That, for politicians of all stripes, is the real purpose of this legislation. What has “climate denial” or “misogyny” to do with protection of children online? As for banning misogyny, how would that work when the “trans” online lynch mob hounds “gender critical” women? But the menace is not just from governments: consider how woke platforms would exploit this restrictive law to do what they want to do anyway and reduce internet spaces to the same echo chamber represented by the BBC and mainstream media.
The crucial question to be asked is: why is a law that could have been drafted by Xi Jinping being imposed on the country by a Conservative government? What has happened to the Conservative Party? Is there anything, anywhere, that the pro-mass immigration, pro-online censorship Conservative Party actually wants to conserve?
Some Tories must have uttered noises of discontent, since the censorship of “legal but harmful” speech online is being removed from the Bill before it returns to the Commons next week. That has provoked denunciations from Lucy Powell, who said the removal of the anti-free speech provisions gave a “free pass to abusers and takes the public for a ride”. How, precisely, does restoring free speech online take the public for a ride? Answers on a grain of rice…
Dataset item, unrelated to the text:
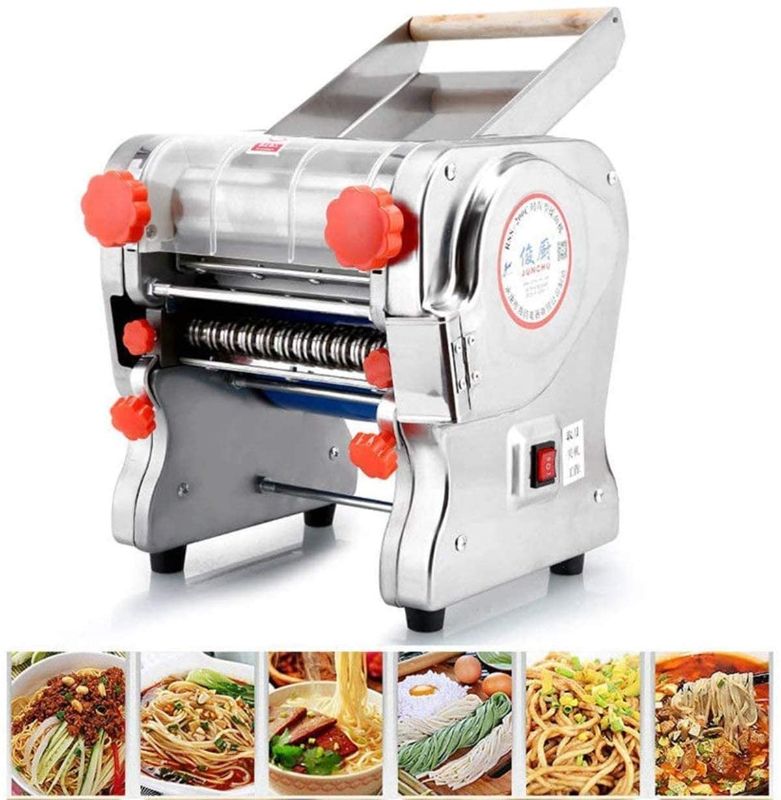 Photo 1 of 110V 550W Stainless Steel Electric Noodle Making Pasta Maker, Commercial Dough Roller Noodle Cutting Machine(Noodle Width 24CM, Knife Length 24CM, Cutter 3mm/9mm)Ship from US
It remains to be seen whether this partial improvement to the legislation will survive the final stages of parliamentary scrutiny; but the text of the draft law is not the chief concern. What is more worrying is the mentality of those who drafted it, for they will still be around, seeking other channels to advance their woke agenda and smother our fast-diminishing right to freedom of expression. The Dangerous Blogs Act is just the latest overreach by the woke establishment, its incoherence failing to conceal its malevolent intent. Its promoters are not people who take No for an answer. They will be back.